Si bien cada gobierno tiene su propio sello y el Chile de hoy es muy distinto al de las dos décadas de gobiernos concertacionistas, el inicio del segundo mandato de Sebastián Piñera recuerda al primero de la Concertación en una dimensión muy importante. Desde que Patricio Aylwin llegó al poder en 1990 que no se veía un contraste tan grande entre el discurso de buenos y malos, de reformas radicales y de dejar todo amarrado y bien amarrado del gobierno saliente, y el foco en el diálogo, la gradualidad y el pragmatismo del equipo entrante. Tal vez por eso —además de que ahora, afortunadamente, ya no exista el nerviosismo que rodeó al primer gobierno democrático post Pinochet— el traspaso de mando ha tenido ese tono de cambio moderado con optimismo y tranquilidad que también caracterizó la llegada de la Concertación al poder en 1990.

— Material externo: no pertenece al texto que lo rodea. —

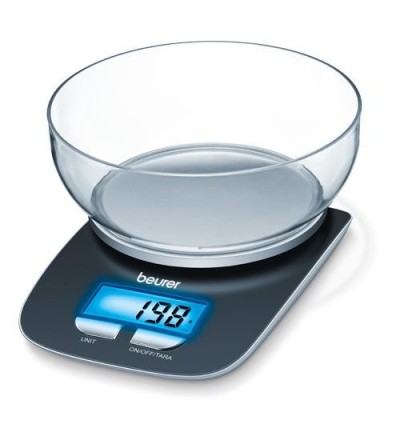 Beurer Beurer KS25 Bilancia da Cucina Elettronica Max 3 Kg con Ciotola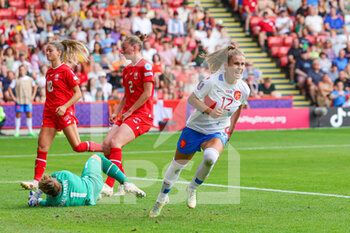 2022-07-17 - Victoria Pelova (12) of Netherlands celebrates her goal 1-3 during the UEFA Women's Euro 2022, Group C football match between Switzerland and Netherlands on July 17, 2022 at Bramall Lane in Sheffield, England - FOOTBALL - WOMEN'S EURO 2022 - SWITZERLAND V NETHERLANDS - UEFA EUROPEAN - SOCCER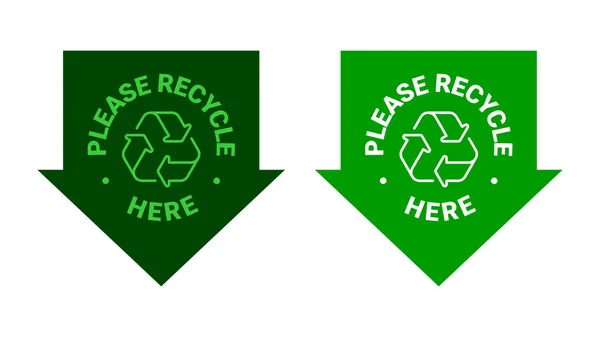 Conceito Vetor Cartaz Ponto Reciclagem —  Vetores de Stock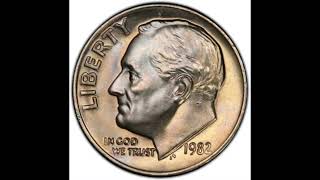 1982 Dime No Mint Mark Error! #dime #dimes #coin #coins #coincollecting #roosevelt #rooseveltdime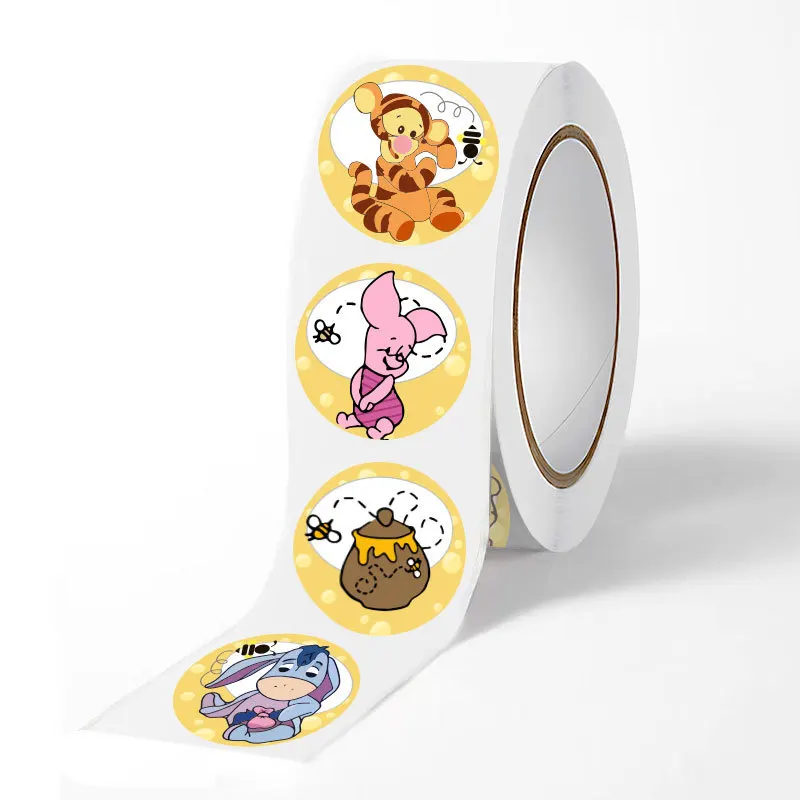 500pcs Cute Things Winnie Bear Cute Things Cartoon Graffiti Stickers DIY Phone Guitar Laptop Notebook Suitcase Waterproof Gifts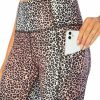 Women * | Best Deal Jessica Simpson Rosette & Black Cheetah Ombre 22" Tummy Control Capri Leggings Women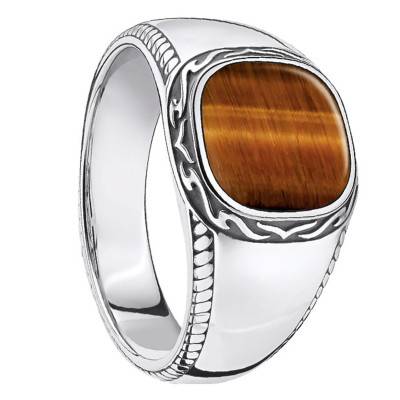 Tiger's Eye Ring - TR2388-826-2 - Thomas Sabo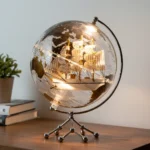 Educational World Globe LED Light World Globe Constellation View World Globe for Christmas Gift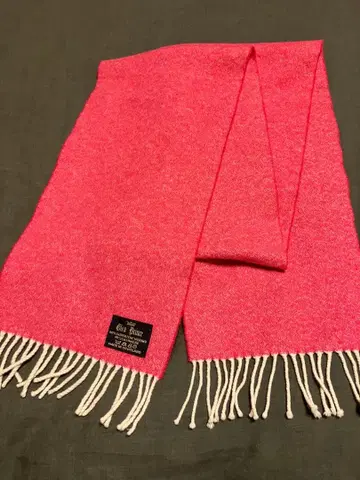 글렌 프린스 핑크 머플러 스코틀랜드제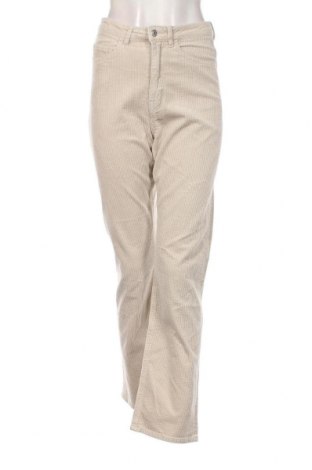 Γυναικείο κοτλέ παντελόνι Weekday, Μέγεθος M, Χρώμα Εκρού, Τιμή 3,53 €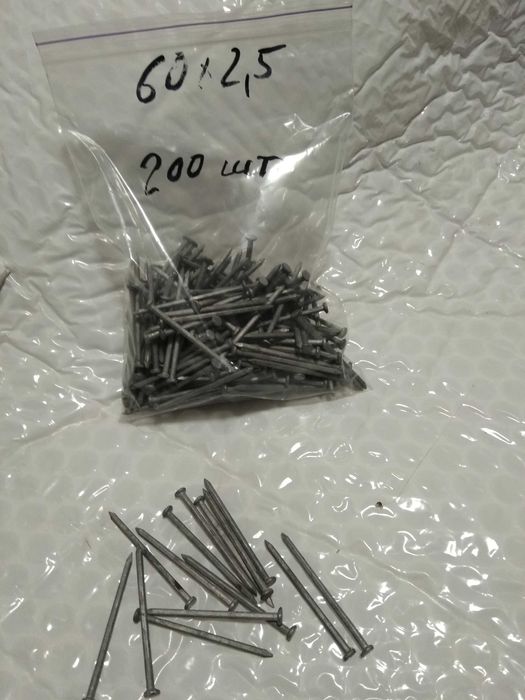 Цвяхи оцинковані фінські 45, 60, 75, 100, саморізи, цвяхи для покрівлі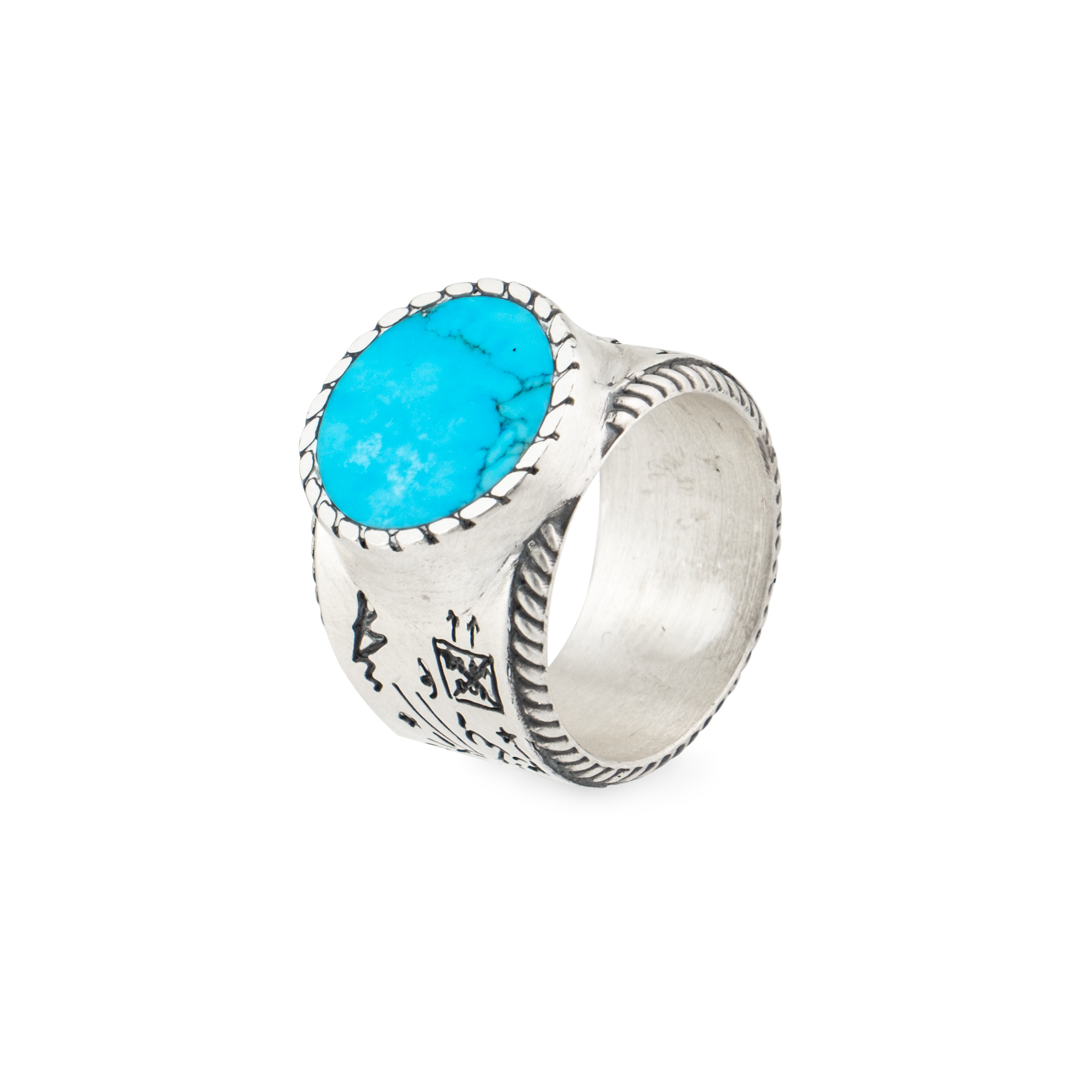 Кольцо из серебра BASQUAIT TURQUOISE RING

Nadie duda que hoy Chile es un país mucho mejor que en 1990. La transición a la democracia estuvo rodeada de enormes desafíos y complejas negociaciones. Los temas pendientes en violaciones a los derechos humanos, las demandas sociales, la pobreza extendida y la sensación predominante de que Chile era un país de enemigos hizo muy difícil el desafío que enfrentaron Patricio Aylwin y la Concertación en 1990. Pero el foco del gobierno entrante a favor de la reconciliación entre los chilenos, de la necesidad de construir un país donde cupieran todos, de fortalecer las instituciones y generar mayor inclusión social promoviendo el crecimiento económico contrastó con el discurso oficial polarizador y divisivo entre buenos y malos que privilegió la dictadura militar.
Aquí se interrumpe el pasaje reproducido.